GDP data for the first quarter of this year showed the Eurozone stuck in recession and the US quietly humming along.
Specifically, Eurozone output contracted in the first three months of 2013, marking the sixth consecutive quarter of negative growth. In this next phase of the crisis the slowdown has spread to the core of the bloc, with France slipping into recession and Germany recording modest growth.
The mood and outlook in the US is more positive. Unlike the Eurozone, the US economy is around 3% bigger than it was when the sub-prime crisis unfolded and is on track to grow by around 2% this year.
While the recovery is on hold in some advanced economies, businesses are seeking to increase and diversify their revenue base: one area that could contribute to their growth strategy is the booming trade in services which we’ve focused on this month.
On a global scale, service imports amounted to around 3.9 trillion dollars in 2011. Although smaller than the tangible goods market, the growth potential in services is tremendous.
This is because as emerging markets become bigger and wealthier demand for services will shift from the West to the East. In fact, 2010 marked the first time since reliable records began where the value of services imported by emerging economies exceeded that of the G7.
Advanced economies have only to benefit from this trend as most have a advantage in service activities. Our heat map shows specific service sectors ranging from finance, to communication to construction have been growing fast for the past five year.
Eurozone GDP contracted for the sixth consecutive quarter. In contrast, US GDP expanded by 0.6% and is now around 3% above its 2008 level.
Our in-house index indicates global consumption is growing by 1.8% per annum, which is below long-term trends.
2010 marked the first year when services imports by emerging economies exceeded those of the G7 economies. Service sector companies in advanced economies should be the main beneficiaries.

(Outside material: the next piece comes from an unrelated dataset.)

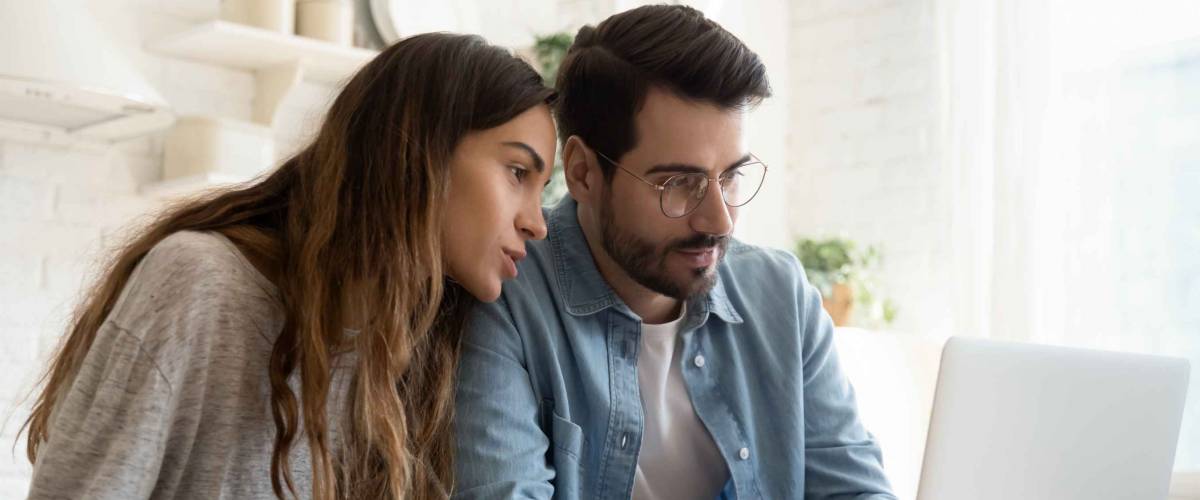Focused young couple looking at laptop screen together, figuring out finances.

Eurozone output contracted in the first three months of 2013, marking the sixth consecutive quarter of negative growth. Although this was not a surprise for the peripheral economies, the slowdown has spread to the core. France, the second largest economy in the bloc, has now slipped into recession. In light of the new data, we have revised down our 2013 Eurozone main scenario growth projection from -0.4% to -0.6 %.
By contrast the US recovery has consistently outpaced that in the Eurozone since mid-2011. US output is now above its pre-crisis level standing around 3% higher than its 2008 peak (see Figure 1). We project the US economy to grow by around 2% in 2013 led by private sector domestic demand.
Our latest monthly Global Consumer Index (see page 2) shows that, at a global level, consumption is expanding at a rate of around 1.8% per annum, some way below its long run trend rate.
One area that could contribute to business growth is the booming trade in services. Global services imports were worth around 3.9 trillion dollars in 2011 (roughly equivalent to the size of the German economy). Although still smaller than goods imports, the growth potential of services trade is tremendous.
Specifically, 2010 marked the first year since reliable records began during which the value of services imported by emerging economies exceeded that imported by the G7 economies.
As emerging markets become bigger and wealthier, demand for services is likely to increase further. Figure 2 shows that the value of services imported by the largest emerging economies (the E7) grew three times as fast as that for the G7.
Advanced economies such as the US and the UK should benefit most from this trend as they have relatively large, sophisticated and efficient services sectors.
Our heat map shows that services imports of the E7 economies were greatest in the transport, financial services and insurance and travel (or outbound tourism) sectors.